D'une part, Jordan appréciait le fait de lancer une nouvelle fois ce pique dont il était fier, mais d'autre part, c'était le seul moyen qu'il avait trouvé pour que les pensées de son voisin de siège soient fixées sur autre chose qu'un supposé crash imaginaire.

« Bien sûr que non. »

En effet, l'aversion qui enflammait Gabriel lorsqu'il entendit une nouvelle fois cette phrase effaça un peu plus sa peur.

Cette réponse titilla une curiosité inconnue chez Bardella, qui, en plus d'en apprendre un peu plus sur la physionomie des mains de son adversaire, souhaitait maintenant connaître davantage la personne qui était à ses côtés, prêt à remettre en question ou bien valider la vision négative et bornée qu'il avait de celui-ci, le temps d'une autre turbulence.

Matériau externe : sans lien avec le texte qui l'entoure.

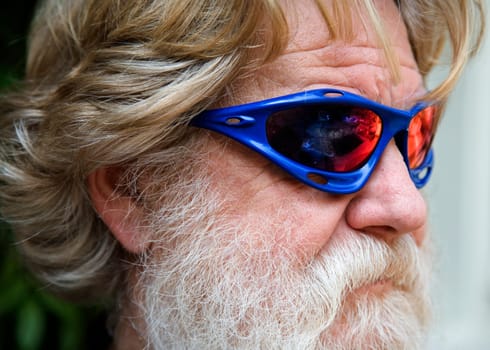 Old man with a grey beard with blue sun glasses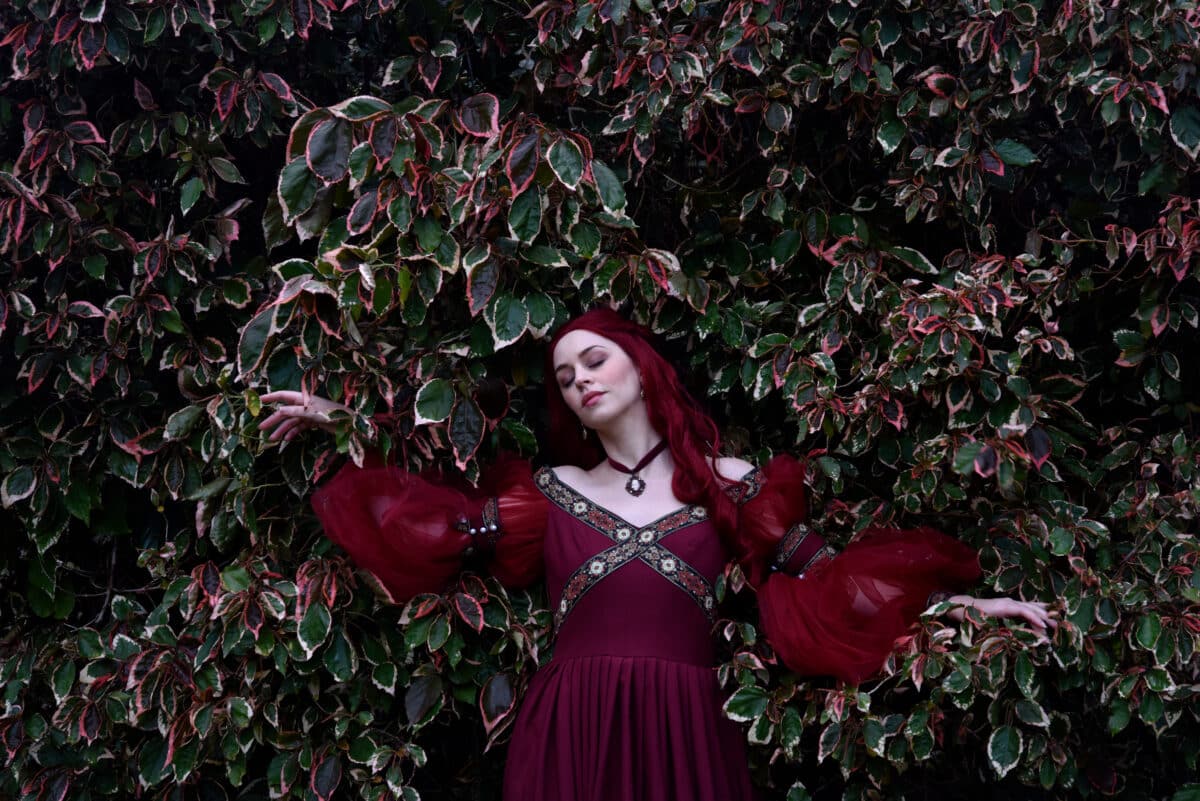 portrait of pretty female model with red hair wearing glamorous renaissance red ballgown. Posing in a fairytale castle location with staircases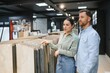 © Serhii - Couple choosing ceramic tiles in a bathroom furniture store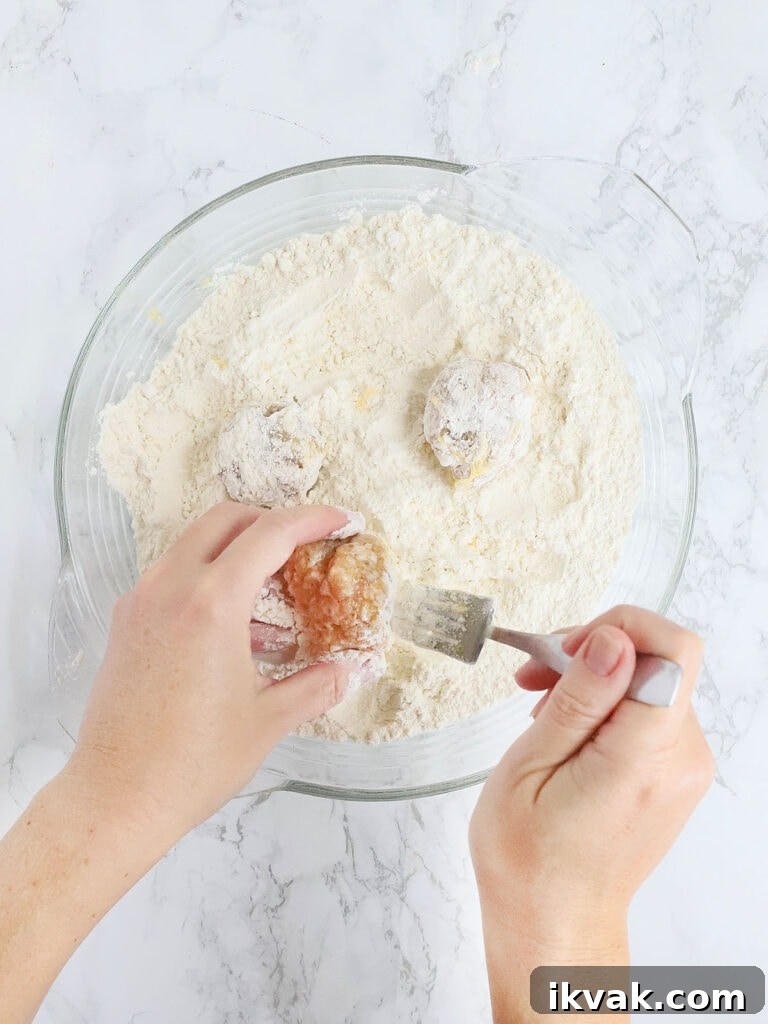 hands coating the chicken meatballs in flour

« Alors pourquoi êtes-vous ici ? »

Demanda Bardella.

Gabriel ferma les yeux, évitant tant bien que mal le regard de l'homme qui, une nouvelle fois, semblait avoir perdu son étiquette d'adversaire. Mais alors que l'avion tremblait une nouvelle fois, il n'avait qu'une envie : perdre sa peur dans la sensation du toucher de Jordan. Et s'il devait répondre à cette question pour y parvenir, le sacrifice était minime.

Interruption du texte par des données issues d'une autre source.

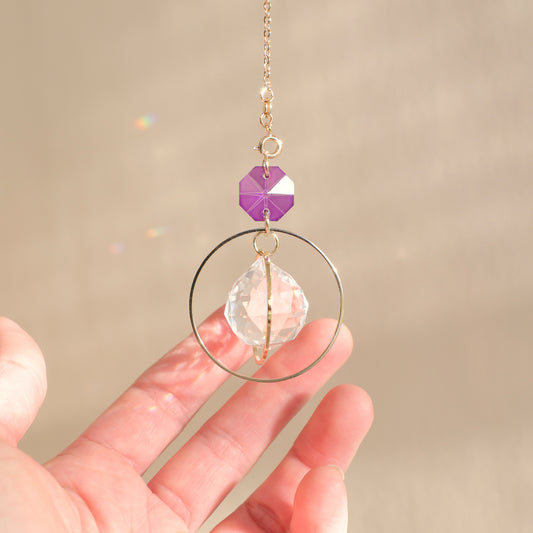 Suncatcher EVERLIGHT avec un cristal violet, dans un intérieur ensoleillé, créant une ambiance magique et apaisante grâce à ses reflets arc-en-ciel.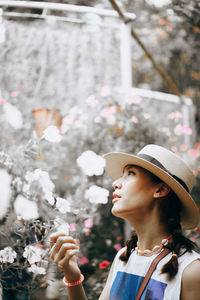 Young woman looking at flowering plants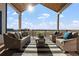 Relaxing outdoor deck with wicker furniture and stunning views at 44035 Pony Express Ct, Elizabeth, CO 80107
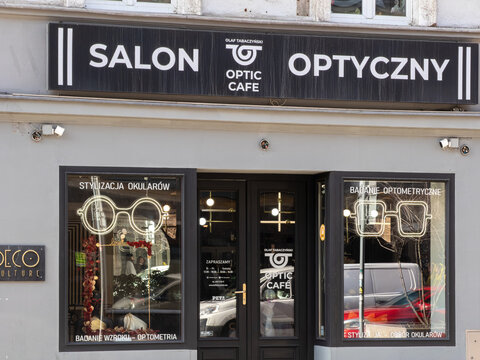 Poznan, Poland - February 28, 2026: Olaf Tabaczynski Optic Cafe storefront exterior displaying neon glasses signage for vision care, optometry, and professional eyewear styling services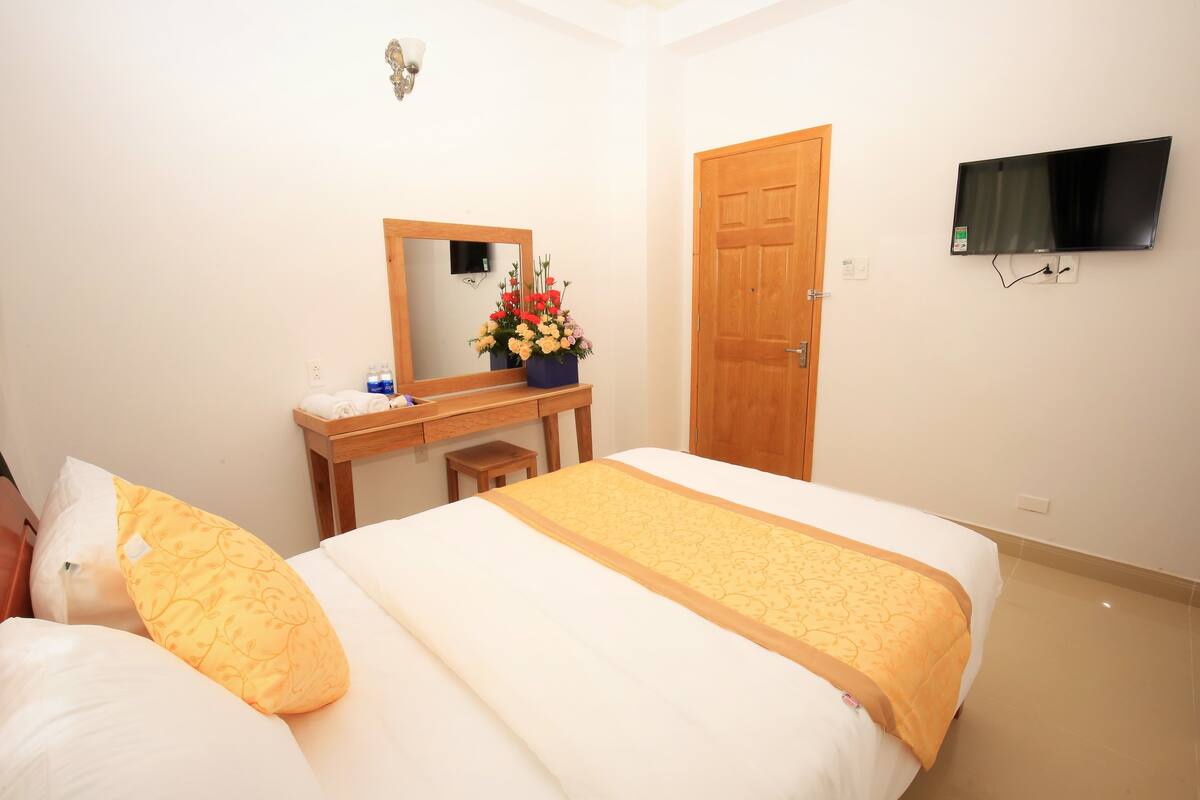 A hotel room with a bed, a wooden dresser, a mirror, a TV, and a door.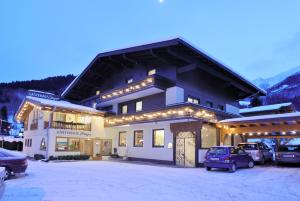 ein großes Gebäude mit Autos auf einem Parkplatz in der Unterkunft Gästehaus Steger in Kaprun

« Je souhaite juste offrir l'aide que je n'ai pas eue aux gens. »

Ces quelques mots s'étaient échappés dans l'air, une confession qui avait maintenant pour résidence le bleu du ciel et les pensées de Jordan.

Quelques secondes à peine après cet aveu, l'avion se stabilisa, laissant Gabriel plongé dans un regret immense. Il aurait finalement dû être celui qui écoutait ses propres paroles et apprendre à se taire. Attal aurait presque préféré que l'avion se crashe plutôt que de ressentir une once de ridicule qui prenait un peu plus possession de lui.

Il tira rapidement sa main avant de racler sa gorge. Cet acte marqua le début d'un silence qu'aucun des deux hommes n'osa briser, restant ainsi suspendus aux derniers mots prononcés par Gabriel.

Lorsque la vue du jeune homme à travers le hublot fut une nouvelle fois le témoin du béton du tarmac, il sentit enfin ses muscles se détendre. Il n'attendit donc pas une seconde avant de défaire sa ceinture et se lever brusquement, poussant sur son passage les jambes de Bardella.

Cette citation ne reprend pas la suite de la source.